You have the same sense of humor and taste in music, but, chances are, you and your spouse have your share of differences, too—especially when it comes to keeping your humble abode, well, clean and humble. While differences in organization habits and cleanliness are common among any two roommates, it seems to be a topic of dispute particularly among couples. One study by the University of Chicago found that 35 percent of women said they do the majority of the housework, while the men said they do their fair share.
Whoever is the designated messy one in your house, you don’t need us to tell you how many unnecessary arguments can ensue from a lack of evenness in this respect. To help you handle a messy husband or messy wife, we asked couple’s counselors for their best tips.
Try to see things from your partner’s point of view
It’s so easy to get wrapped up into how a messy spouse affects your day-to-day life without stopping to think about the potential reasons why he or she may not be living up to your expectations. For example, maybe she works night shifts and needs to spend the majority of her days off catching up on rest and social obligations. “When I work with couples I encourage them to try to see things for the others point of view and look at ‘their way’ as not wrong, but different,” says Julienne Derichs, a licensed clinical professional counselor based in Chicago. Her best advice? Decrease the judgment. “It just might be possible that your S.O. doesn't see the mess that you do, so try not to take this personally.”
Write down a list of the things that really bother you
Maybe your messy husband’s terrible folding skills frustrate you, but can you live with it so long as he can handle other chores? Or perhaps you hate that your messy wife never empties the dishwasher, but she is a pro at other tasks? Think in terms of what you absolutely cannot tolerate and certain things that you can either live with or seek out help for (i.e. using a laundry service). “You two are sharing a space and the cycle will continue if you expect the ‘messy level’ of your home to be on your terms only,” says Derichs. In other words, your partner’s opinion matters—whether you are the "neat nik" or the "total slob." The real question is whether or not you can you both work together to set up "mess free" areas of your home.

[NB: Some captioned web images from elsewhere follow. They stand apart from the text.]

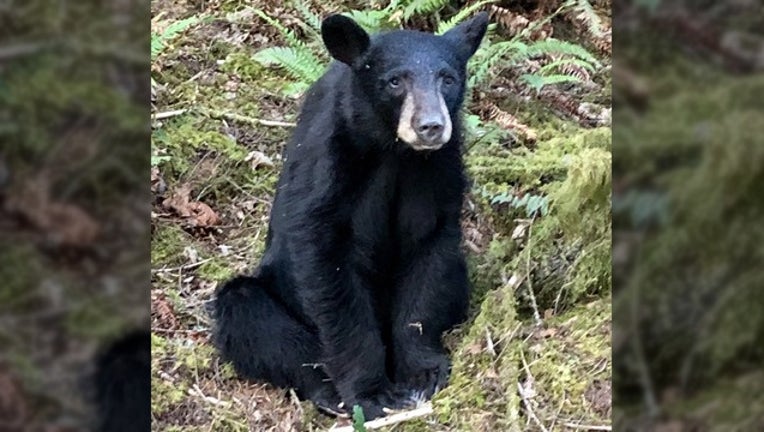 0826b0ed-WCSO_bear 1_061819_1560867776339.png-402429.jpg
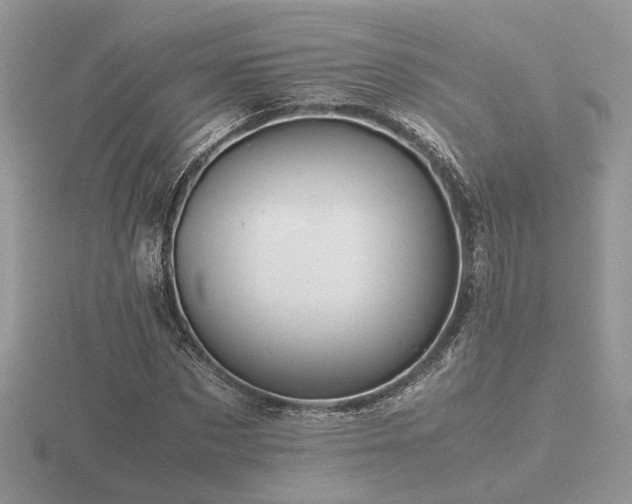 X0000116560873200912101448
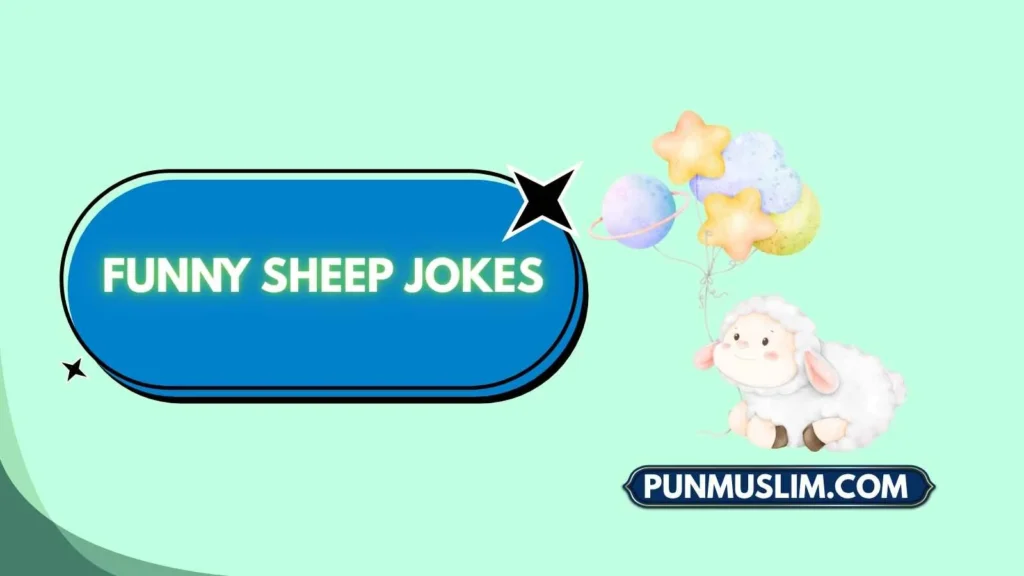 Funny Sheep Jokes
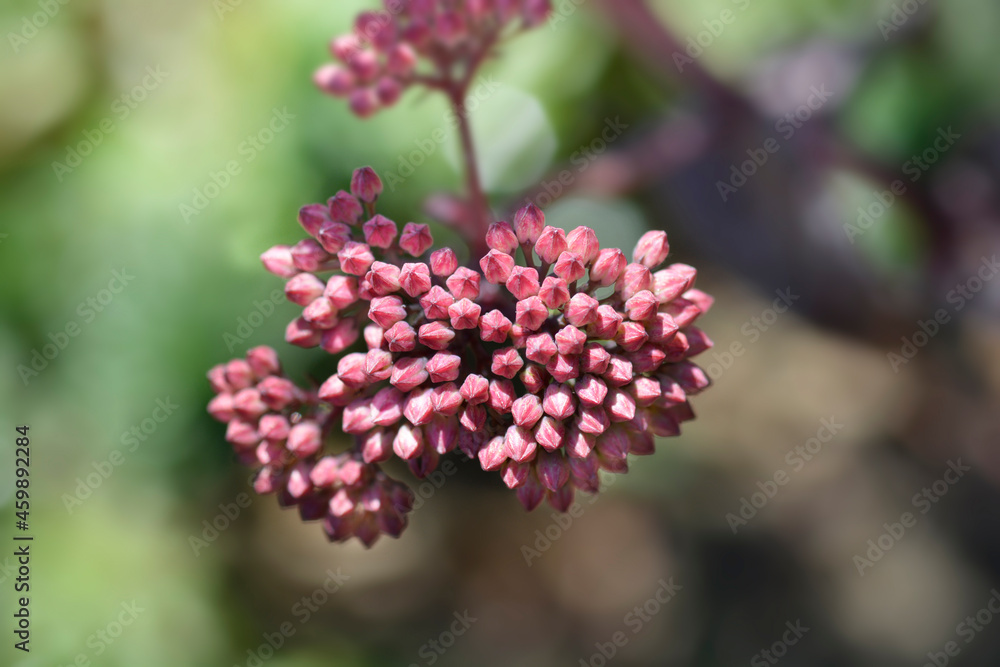 Orpine Purple Emperor Orpine Purple Emperor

Schedule a weekly or monthly couples meeting
At first this might sound pointless, especially when you already live together and spend most of your time alongside each other. However, experts point out that a scheduled time each week or month to go over how things are working for the both of you and express, in a calm manner, what you’d like to see change can be far more beneficial than letting your feelings out in a fit of rage when she leaves the dishes in the sink again. “Oftentimes, there are miscommunications and unmet expectations without creating a bit of structure around cleaning,” says Kat Van Kirk, Psy.D., licensed marriage and family therapist and certified sex therapist. “Focus on who has what strengths and chores work with fluctuating schedules instead of letting assumptions build resentments on both sides.”
Establish a process of negotiation
Compromising will never be a one-time incident—you will have to work together and reframe each scenario on a consistent basis to reach situations that are satisfactory to both of you. “If you keep calmly negotiating, bickering doesn't have to escalate,” says Dr. Van Kirk. “It also sets you up to be able to discuss other more challenging topics later on.” Derichs suggests asking your partner to set alarms on his or her smartphone as a reminder to do the chores he or she has agreed to take on. “This way, you don’t have to be the ‘reminder-in-chief’ of your relationship,” she says.

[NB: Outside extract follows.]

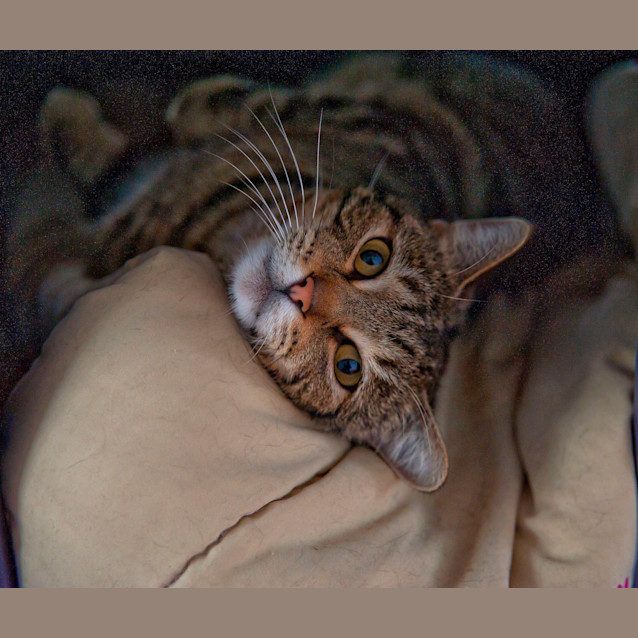 Photo of Bobby Id16984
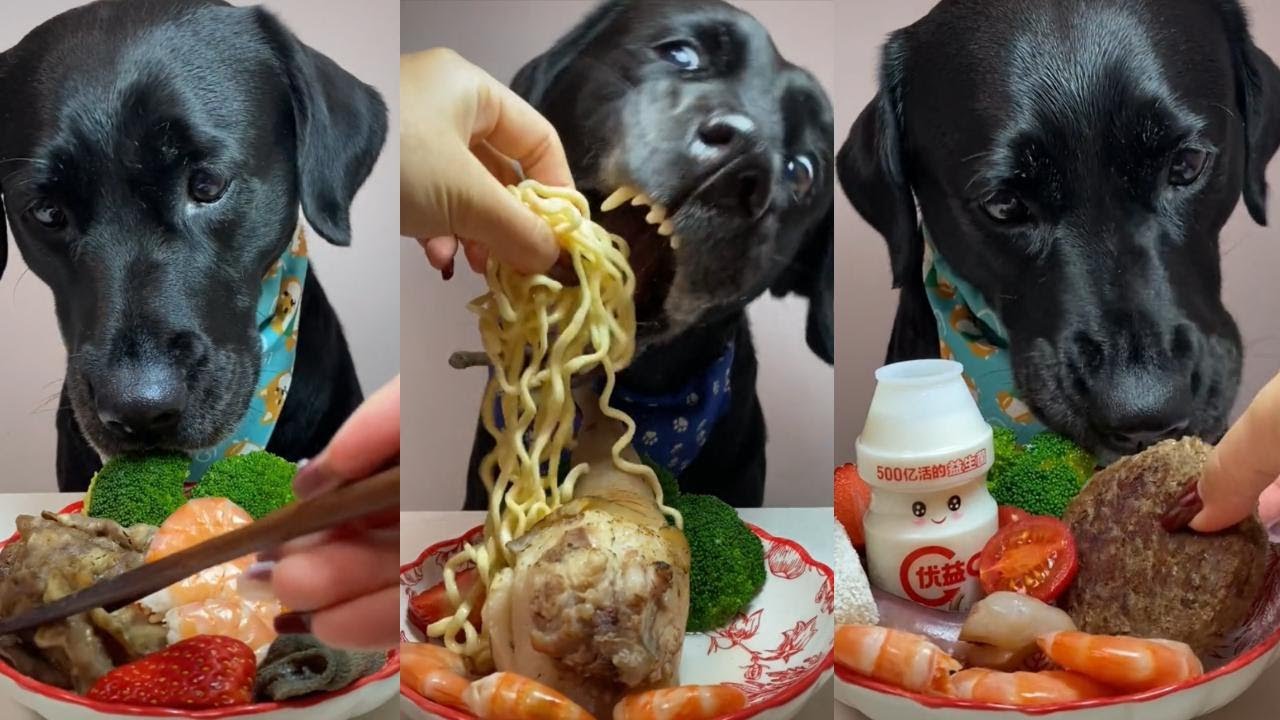 Dog Eating Asmr Pate Full Of Delicious Food Relaxing Satisfying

Don’t forget to praise each other
Remember that this is a work-in-progress. The fact that your messy wife or messy husband is making an effort to become better in any capacity is a step in the right direction—and one that deserves praise. “If expectations are too high, the spouse may not be praising their partner enough and therefore there’s positive reinforcement for creating a new behavior pattern,” Dr. Van Kirk points out. “Praise and acknowledgement helps build goodwill and shows that you value each other's needs.” In other words, a short, little “Thank you, hun, for getting those dishes done,” goes a long way!
Consider seeking out help
Many couples resist the idea of a housekeeper at first, but, if you can afford it, it might be one of the best things you can do for your roommate relationship. “New couples tend to be especially eager to prove that they can take care of everything in their household,” notes Dr. Van Kirk. She recommends a housekeeper, even one who comes once a month, to help with the bigger-item areas like dusting and cleaning the shower. “It doesn't have to be weekly—it could be once a month or just for bigger cleaning jobs,” she says. Figure out what works for you both and consider the resources available.

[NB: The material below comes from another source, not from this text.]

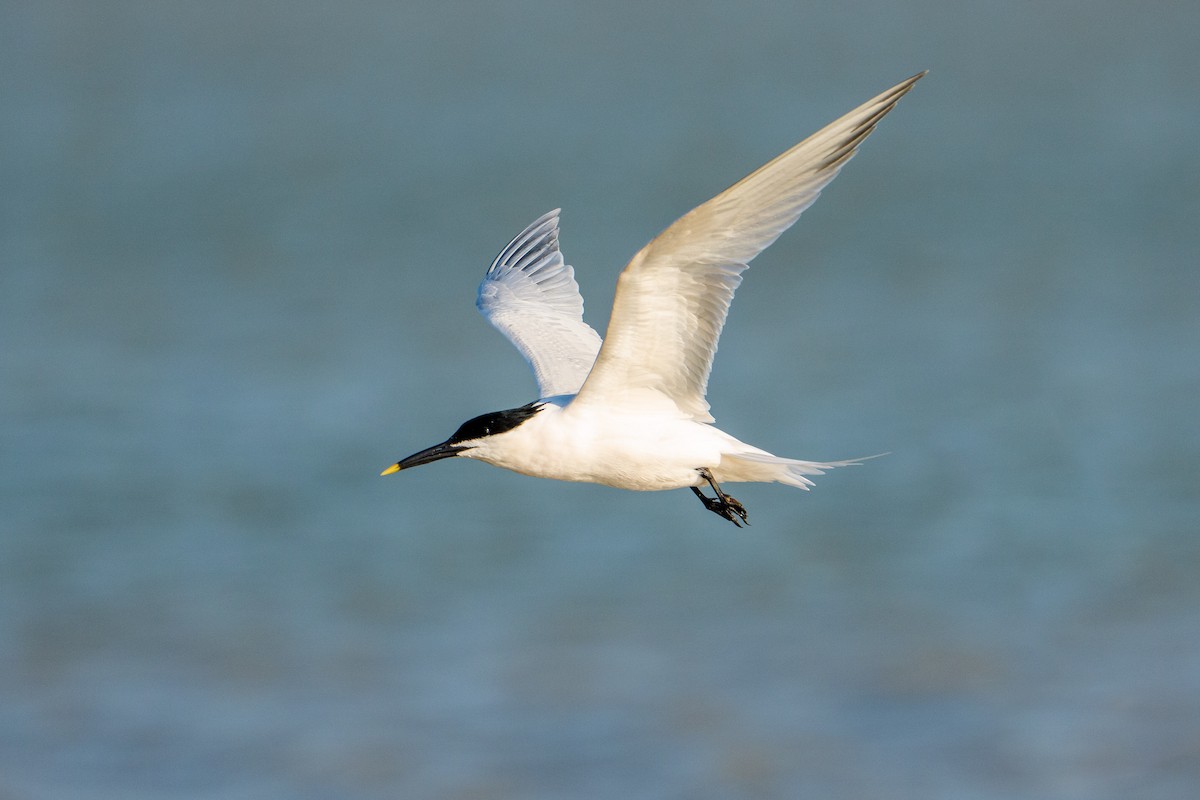 rybák severní - ML632368796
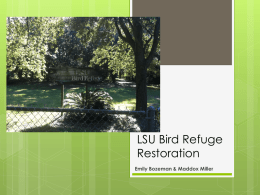 LSU Bird Refuge Restoration - exploringsustainabilitylsu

Dr. Van Kirk suggests looking at the bigger reasons behind these habits, starting with your own inclinations. Were you raised to stress out if there were ever dishes in the sink? Does your partner avoid cleaning because his or her parents were too high strung about it? “This can help you build compassion for one another,” she says. Also, there can be gender differences. “Due to more or less integration between both hemispheres of the brain, male brains don't see the detail of needed cleaning whereas female brains notice every speck of dirt,” she adds. “In addition there are culturally assumed roles of what housework men versus women do.” Make this a part of the conversation and get explicit with what the bare minimum of cleanliness should be and follow a chore list need be.